The drive was pretty smooth except for the weekend traffic. Along the way we stopped at a rest area. We drove in, went past the petrol station and approached the local Eatery. As we looked for parking, we saw a car full of people watching us and then driving away. Two of our travel companions got off to use the washroom while I waited in the car with another friend. The car that drove away as we pulled in came back and parked right next to our car. The man sitting on the passenger seat next to the driver indicated to our travel companion on the back that he wanted to ask something. Perhaps he wanted directions, so he opened the door.
The man of Asian (read Indian or Pakistani) heritage asked if he understood English and he nodded yes. And thus the passenger began his story;
I am from Dubai and I am here with my family. We went to Riyadh to do some shopping and our handbag got stolen. We are now on our way to Makkah and if you can help me we will pray for you.
What does he want? My travel companion asked. Money of course I answered. So I reached for my purse and pulled out 3 Riyals. I told him to hand the money to them. He said 3 Riyals? That won’t be enough, so I handed another 10 Riyals. And so he got out of the car to give them the money.
They engaged in a few more minutes of conversation before my travel companion got back into the car.
What did they want, I asked him? And to my indignation, the occupants in the car apparently asked for more. He said the amount was not enough and that he wanted 100 Riyals at least.
Now, perhaps it is that I am stingy but it is not that I am not inclined to sedekah (give alms), but I felt that somehow there is something not quite right when one gives some money out of the generosity of one's heart (of the amount one sees fit) that you would ask for more. Plus I feel that where sedekah is concerned one should look after one's families first before looking after strangers. Granted if I see that they are strangers in need, I might have been moved, but I thought the car they were sitting in was pretty nice and they look like they have 5 meals a day on all counts. And they did say that they went shopping in Riyadh. Shouldn't they go to Makkah first before going shopping? I had to ask.
My companion told them that he was broke that month and could not really give them any more and that the car was not his and thus could not help him further.
The Husband came back from the toilet, and was wandering what was up. The guy in the passenger seat in the car signalled to him that they wanted to speak to him and I signalled to The Husband to quickly get into the car. And I promptly told him that the people in the other car wanted 100 Riyals and I retold him the story.
Although we did sympathize with those people in the car if their story was true, but somehow something tells us that these people were not asking for money because they were really in a fix but rather perhaps it is something they do, to prey on unsuspecting pilgrims to be.
We were rather worried for awhile that they will perhaps make our journey difficult for us for they parked their car right behind our, thus preventing us from driving away.
And then came a large water tank from the back. The water tank was on its way back to the main road and the other car was blocking the water tank’s way. And thus the big water tank drove the other car away. Perhaps it is a sign?
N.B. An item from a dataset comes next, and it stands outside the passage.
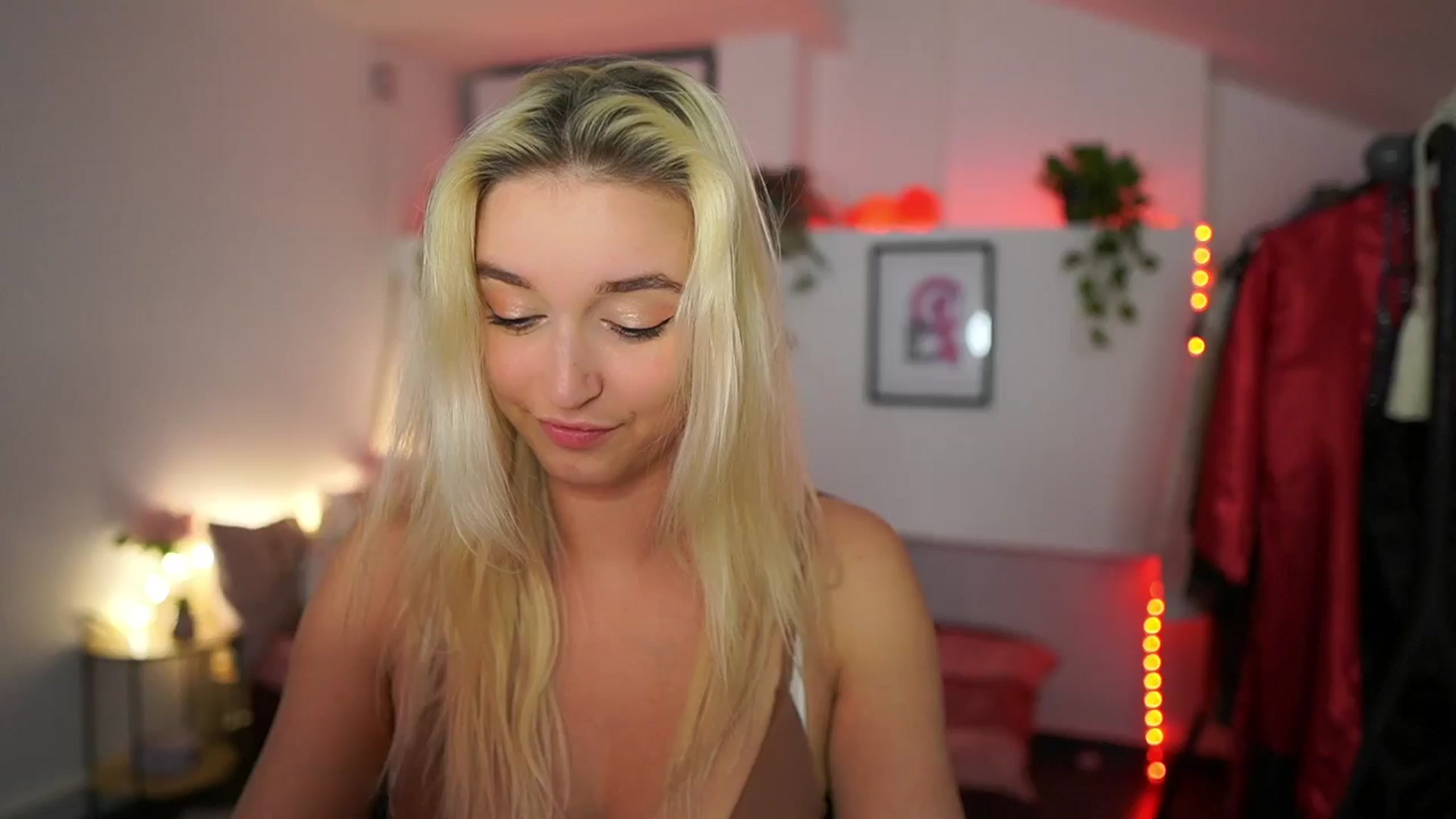 Gallery image thumbnail from Alexis__Texas's myfreecams stream on, 11/11/2024, 24:11 image 5 of 20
Our seasoned travel companion came back from the toilet and we re-told him the story once again. And he told us not to give money to those people as they are probably professional beggars. He said he was stopped and asked for money before along the same road probably near the same location and that these people were there to ask unsuspecting travellers for money.
And we drove on.
Were those people there sent by god to test us on our generosity? Or were they just opportunists who prey on unsuspecting would-be pilgrims? Well my conscience is clear, I gave them some money which I gave sincerely but when they asked for more, then its no longer a test of my sincerity but rather a test of my patience. I hope that if it was true they were victims of a crime (they said their wallet was stolen from them) then Allah would help them find their way home. And if not, well may Allah give them conscience.